INTERVIEWS

MICHEL VALLOGGIA, EGYPTOLOGUE ET INGENIEUR

Les doubles formations sont toujours utiles. Les compétences techniques de Michel Valloggia lui ont permis de venir à bout des difficultés d’Abou Roach. Thotweb a rencontré cet égyptologue suisse lors d’un de ses passages à Paris.

- Comment vous est venue la vocation de l'égyptologie ?

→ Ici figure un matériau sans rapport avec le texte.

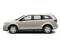 Pearl White Tri-Coat 2015 Dodge Journey Pictures Journey Utility 4D Crossroad 2WD photos side view Pearl White Tri-Coat 2015 Dodge Journey Pictures Journey Utility 4D Crossroad 2WD photos side view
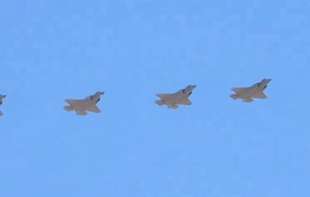 Incident na nebu kod Kalinjingrada: Holandski <span style='color:red;'><b>F-35</b></span> presreli su ruske lovce i bombardere!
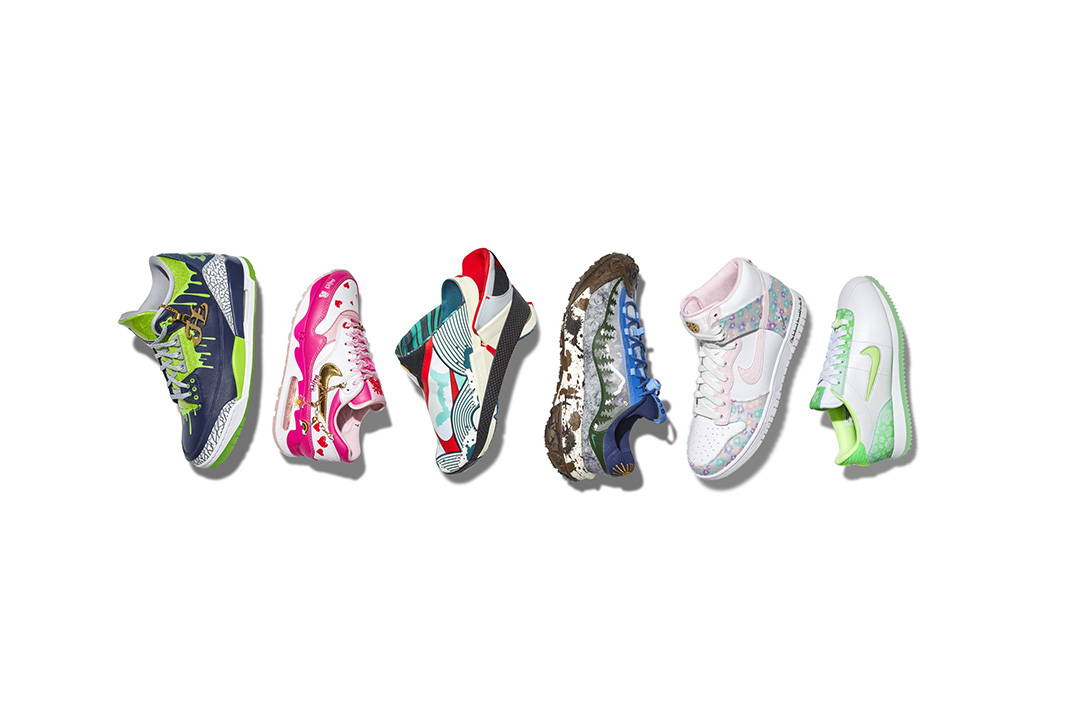 Nike Unveils 19th Anniversary Doernbecher Collection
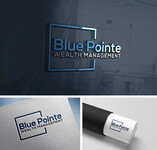 Blue Pointe Wealth Management Logo - Entry #163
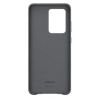 Чехол для мобильного телефона Samsung Leather Cover Galaxy S20 Ultra (G988) Grey (EF-VG988LJEGRU) изображение 2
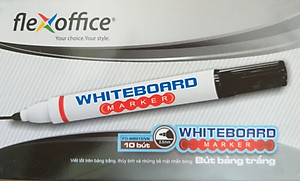 Hộp 10 bút lông bảng Thiên Long FO-WB015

Cela a commencé au lycée, au début d'un cours d'allemand. Dans la salle, il y avait écrit au tableau « Biban el-Moulouk ». Un des élèves demanda ce que cela signifiait. « Si quelqu’un le sait, je lui donne une bonne note », répondit le professeur. « C'est le nom de la Vallée des Rois », ai-je dit. A la fin du cours, il m'a demandé si je m'intéressais à l'Egypte. J’avais déjà lu deux ou trois bouquins, et je lui ai fait part de mon désir d’apprendre à lire les hiéroglyphes. Alors j'ai étudié quelques leçons de la grammaire de Gardiner avec lui. Plus tard, il m'a mis en contact avec Charles Maystre.

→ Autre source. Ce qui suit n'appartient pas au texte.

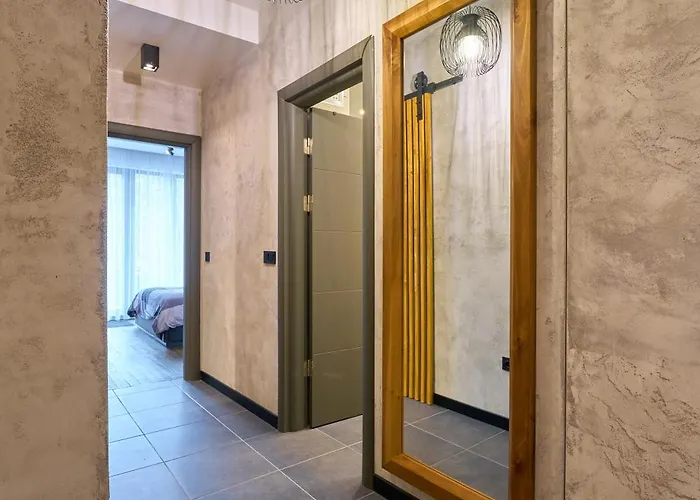 Apartmán Luxury 2 Bedroom - Private Garden *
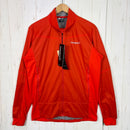 【Men's M オレンジ系】 Norrona ( ノローナ ) フォルケティン オクタ ジャケット メンズ Falketind Octa Jacket M's 1806-20 5630 AREDNALIN z00056074 5630 AREDNALIN 化繊イン-1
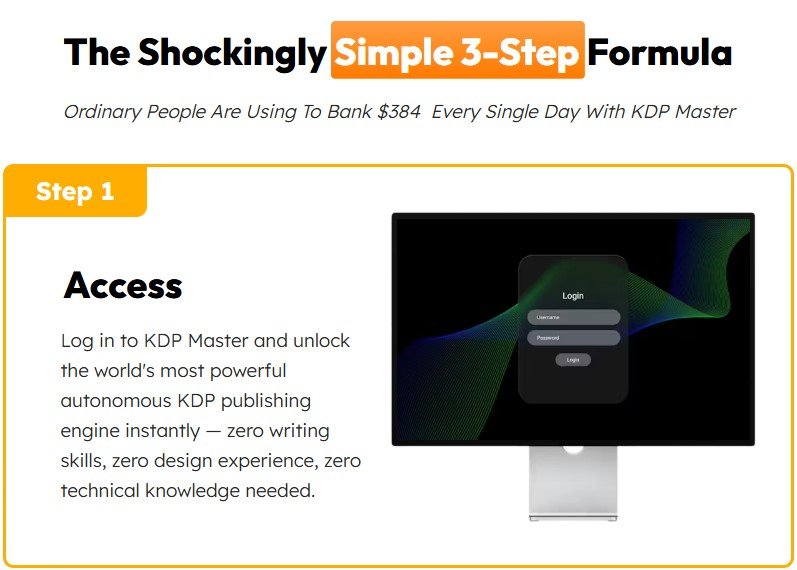 KDP Master Review
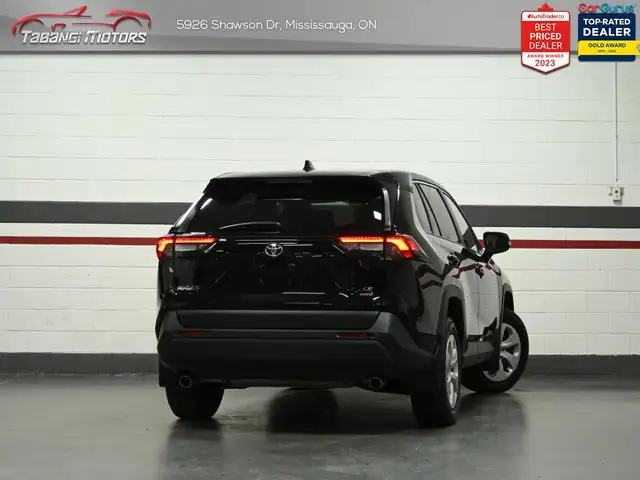 2024 Toyota RAV4 LE No Accident Radar Cruise Lane Assist Blind S - Photo 2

Par tradition familiale, mes parents voulaient que je devienne ingénieur civil, ce que j’ai fait. Mais parallèlement, j'ai étudié les Lettres et l'Egyptologie. J'ai fait de l’Egyptologie avec Charles Maystre, de l’Assyriologie et du latin. J’ai eu la chance de recevoir une bourse du CNRS suisse, et je suis venu à Paris, à l’EPHE. J'ai suivi les cours de G. Posener, de J.J. Clère, de Madame Helloin de Cenival, de J. Yoyotte et de J. Leclant. Alors, j'ai commencé ma thèse avec G. Posener et J.J. ClèreRecherche sur les "messagers" (wpwtyw) dans les sources égyptiennes profanes »). Après 4 ans, je l'ai soutenue à Genève ; Charles Maystre fut président du jury. G. Posener m'a proposé de faire imprimer mon manuscrit à l’Ecole Pratique, ce qui m'a valu le diplôme de l’Ecole, et m'a permis d'être nommé pensionnaire à l’IFAO.

J'y suis resté une année. A l'époque, S. Sauneron en était le directeur. Il m’a proposé, juste avant sa mort, de passer une année de plus à l'IFAO.

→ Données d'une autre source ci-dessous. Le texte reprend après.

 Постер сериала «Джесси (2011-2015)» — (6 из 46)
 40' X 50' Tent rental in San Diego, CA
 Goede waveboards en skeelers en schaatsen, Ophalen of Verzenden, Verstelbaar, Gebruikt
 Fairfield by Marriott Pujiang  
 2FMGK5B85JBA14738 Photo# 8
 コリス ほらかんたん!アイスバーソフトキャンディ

Quand je suis rentré en Suisse, il n'y avait pas de travail pour un égyptologue. J’ai enseigné le français et l'histoire au lycée, durant 8 ans. Heureusement, parallèlement, j’ai été chargé d’un cours de hiératique à l'université de Genève. En 1988, suite au décès de R. Hari, qui avait enseigné une dizaine d’années après le retrait de Charles Maystre, on m'a demandé de prendre la direction de la chaire d’Egyptologie.

Voilà pour le cursus académique. En ce qui concerne mes premières fouilles, il faut mentionner Balat. Quant j’étais pensionnaire de l’IFAO, un jour, Jean Vercoutter a réuni les archéologues pour savoir qui voulait se charger de ce chantier. Tous hésitaient, parce que personne n'avait fouillé des structures de brique crue. J’avais déjà travaillé sur ce matériau en Syrie, et j'ai dit que j'étais intéressé. J’ai donc été chargé de ce chantier de 77 à 93.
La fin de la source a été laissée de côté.